Pada hari Rabu, 17 September 2025, Presiden Prabowo Subianto mengeluarkan pernyataan mengenai penghapusan mekanisme kuota impor pada komoditas vital untuk menjaga kesejahteraan masyarakat. Langkah ini bertujuan untuk menghilangkan distorsi dan memastikan kelancaran perdagangan. Meskipun demikian, pernyataan Presiden ini perlu dipahami secara menyeluruh agar tidak dimanfaatkan oleh pihak tertentu untuk kepentingan pribadi yang dapat membahayakan ketahanan energi nasional.

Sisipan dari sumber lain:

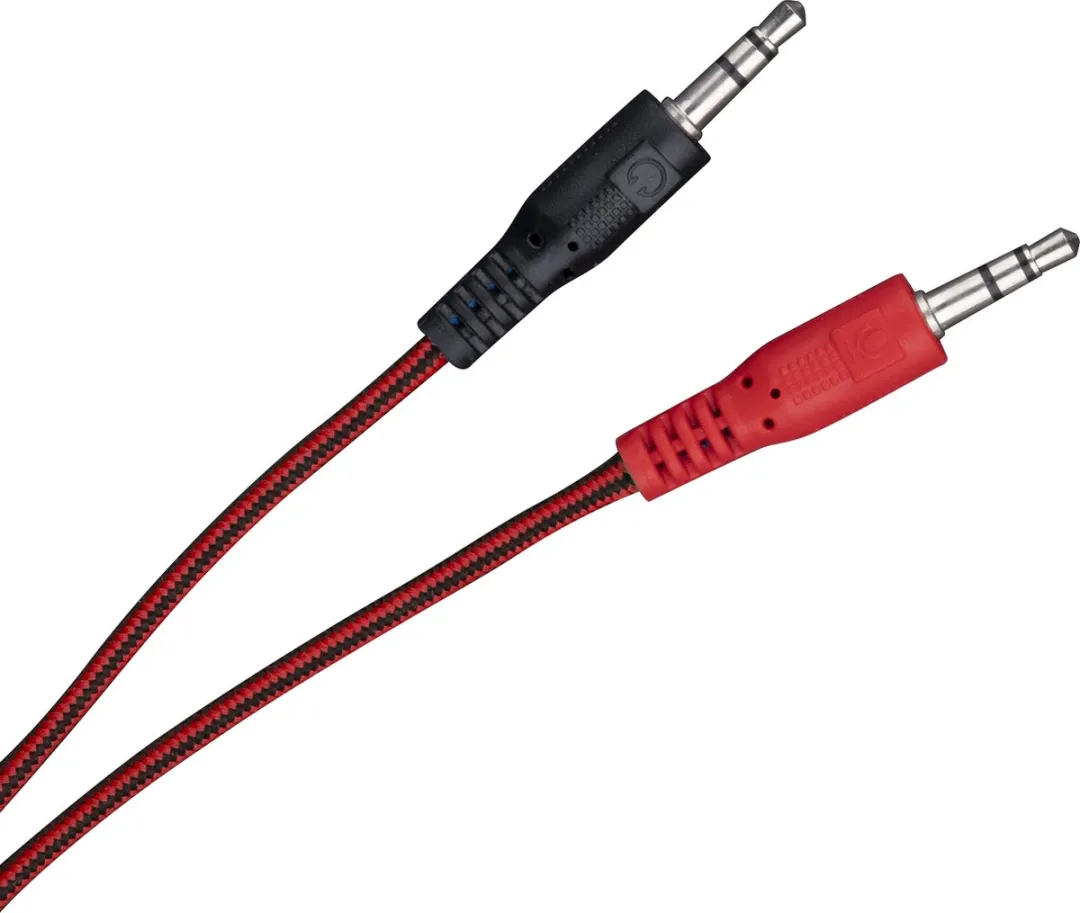 Grundig No Fear Gaming Headset - Zwart/Rood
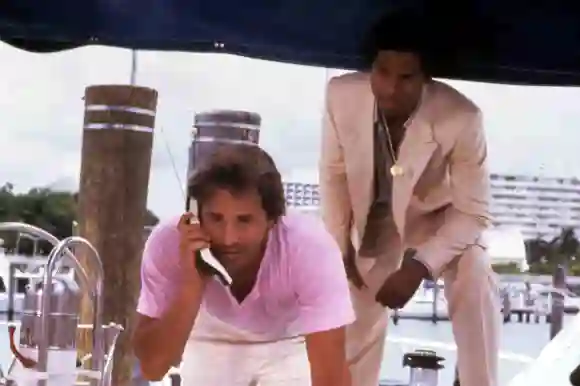 Don Johnson, Philip Michael Thomas, Miami Vice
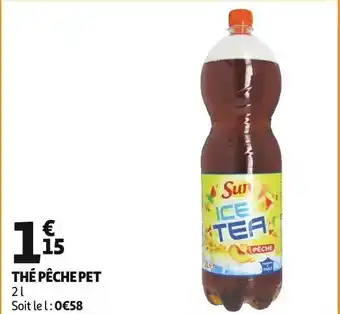 ThĂ© PĂȘche Pet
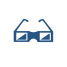 3D Glasses icon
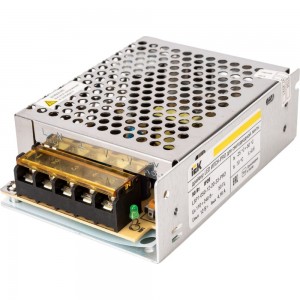 Драйвер IEK LED, ИПСН-PRO, 50Вт, 12В блок-клеммы IP20 LSP1-050-12-20-33-PRO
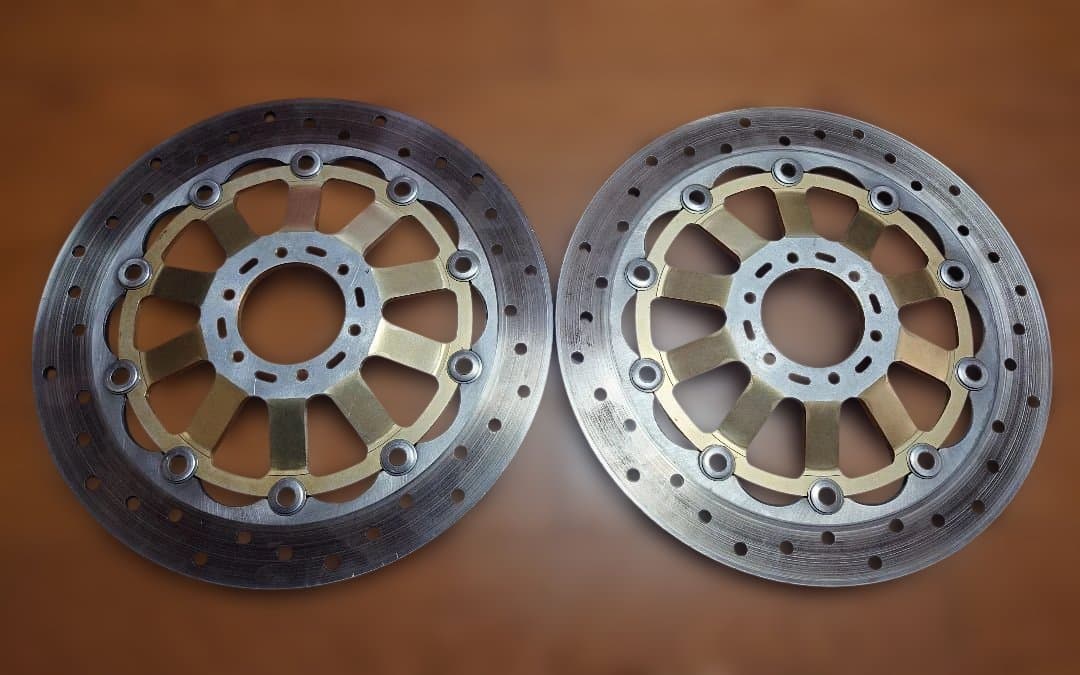 サンスター KC-202 Fディスク CB1300SF X4 ブラックバード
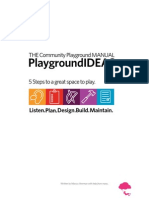 Playground Ideas Community Playground Manual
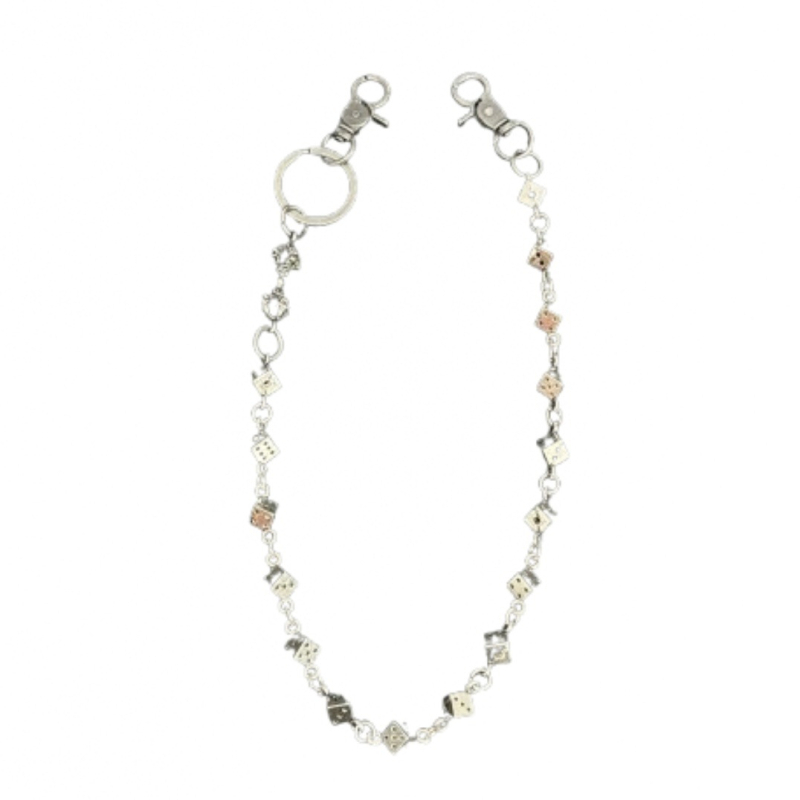 Поясна верига Метал • Унисекс • Мултифункционален стил • Дължина 60–80 см • Подходящ за всички сезони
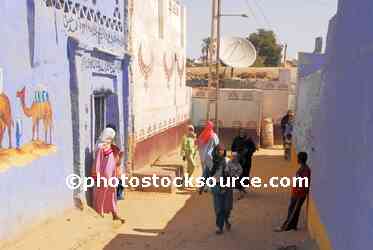 Nubian Village Street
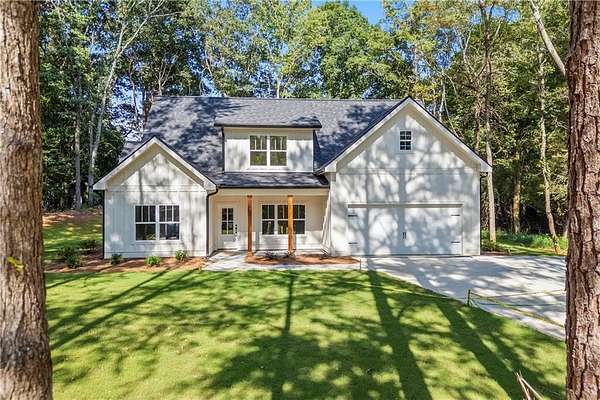 3.27 Acres of Land with Home for Sale in Nicholson, Georgia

Beberapa badan usaha swasta (BU swasta) pemilik SPBU saat ini menekan pemerintah untuk membuka kembali kuota impor tambahan karena stok BBM mereka habis. Meskipun kuota impor tahun ini telah dinaikkan 10 persen dibandingkan tahun sebelumnya, dan realisasi impor sudah mencapai 110 persen, pihak swasta ini tetap berargumentasi bahwa mereka membutuhkan tambahan impor. Namun, penting untuk memahami bahwa kehabisan stok seharusnya menjadi pembelajaran bagi industri untuk melakukan perencanaan logistik yang lebih baik, bukan hanya mengandalkan pemerintah untuk membuka keran impor lebih lebar.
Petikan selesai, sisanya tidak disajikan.